Hmm, time to buy a small group of 10 or so cheap slings and experiment on them... heh.   Maybe B. albop or A. hentzi?  It would make for a very LONG experiment, though, lol.


----------



## scottyk (Mar 3, 2010)

Exo said:


> That's a great idea, I think I might try this tonight and see if it works.


Let me know what kind of results you get. Looks like I'm moving again in April, so I'll start experimenting with this when I get settled in. Anything I make now will be getting thrown away in a few weeks...


----------



## pwilson5 (Mar 3, 2010)

would be interesting to try this with a really vibrant T... ill start trying it with my Versi... lol


----------



## Exo (Mar 4, 2010)

scottyk said:


> Let me know what kind of results you get. Looks like I'm moving again in April, so I'll start experimenting with this when I get settled in. Anything I make now will be getting thrown away in a few weeks...


Well, I tried the gell-food and they appear to have eaten it! I had fishfood, bloodworms and mashed cricket in them and it seems like they really like them. :drool:


----------



## pouchedrat (Mar 4, 2010)

That's pretty awesome.  I'm recieving 20 B. vagans spiderlings eventually and half will be my control, the other half will be tried with fish food and see what happens.  It'll be a long experiment, but I'm going to record everything, from who eats and who doesn't, pictures, when each one molts, etc.  

I think it'll be interesting to see the results, if there is a difference or not.  Especially with something that long-lived.


----------



## scottyk (Mar 4, 2010)

Exo said:


> Well, I tried the gell-food and they appear to have eaten it!
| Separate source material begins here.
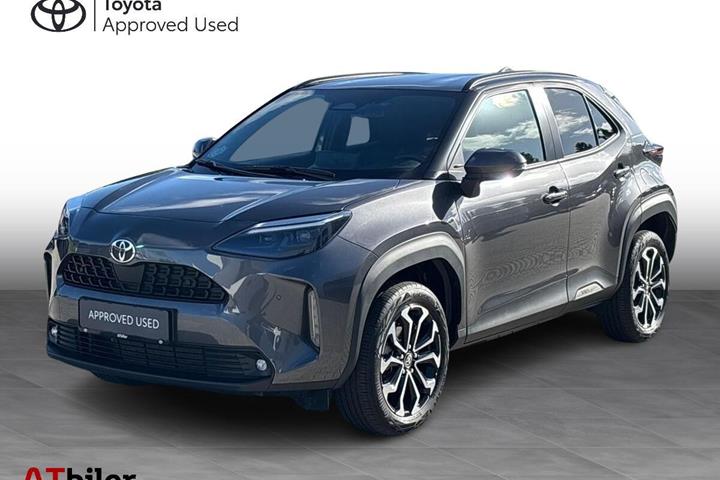 Sort Toyota Yaris Cross fra 2024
I had fishfood, bloodworms and mashed cricket in them and it seems like they really like them. :drool:



Excellent! :clap:

I have a few pounds of high end pellet foods in the freezer and a booming colony of mealworms. I think once I get settled in I'll try adding them to some some mashed crickets and roaches and see what I can concoct.

I'll add pics and feedback directly to this thread!

Scott


----------



## LadySharon (Mar 5, 2010)

I'm very interested in this.

I have a co-worker (one of my bosses acctually)  who likes T's... but every other insect on the planet is "icky"   In otherwords... she can't deal with a cricket or a roach or anything else you normally would feed T's.
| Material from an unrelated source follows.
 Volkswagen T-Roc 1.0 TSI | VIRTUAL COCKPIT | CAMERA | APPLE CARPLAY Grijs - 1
She said "Isn't there something I can just sprinkle in the cage" (I immidatly thought of thouse gell thigns you feed crickets - that's what the instructions say)

Well I mentioned this thread to her... and she's kept beta's before so she knows about the flakes... and would be fine feeding altered flakes or small gell cubes where you can't TELL that there are insects in there.  

But of course with her the spider would be living exclusively on these so... I'd like to know the results of this experiment first.  

This ALSO would be very helpful in emergency situations if you can get a T used to eating both this type of food item and normal moving insects.   It would allow people to keep a supply of food for times they may not be able to easly get feeder insects.

I wish I could participate.. but I'm in a one bedroom condo right now.  So this would go under "when I get a house".   

Maybe if I succesfully mate my red phase roseies.  (though they grow slow).

Keep us posted!

- Sharon


----------



## micheldied (Mar 5, 2010)

i think i might try a soaked massivore pellet.
i'll let you guys kow how it goes.


----------



## nhdjoseywales (Mar 9, 2010)

i tried dried baby shrimp this morning, so far one sling does seem to be munching on it


----------



## TheTyro (Mar 9, 2010)

I think i'm going to try this with my true spiders, the Phidippus regius babies.


----------



## matthias (Mar 9, 2010)

hmm a reason TO breed my para. This could make keeping large number's of T's a lot easier and cheaper.
My guess is that once they hit a certain size they will stop taking the "dead" stuff.


----------



## pouchedrat (Mar 10, 2010)

Well as far as i can tell, ALL of the slings I offered fishflake food gelled have eaten it!  At first I thought some didn't, but I noticed their abdomens had an orange hue to it compared to the ones who ate tiny mealworms or crickets.  They just didn't finish the food although most was gone by day 2 (the type of fishfood I selected is chernobyl orange in color, and color enhancing, I just want to see if it works or not).  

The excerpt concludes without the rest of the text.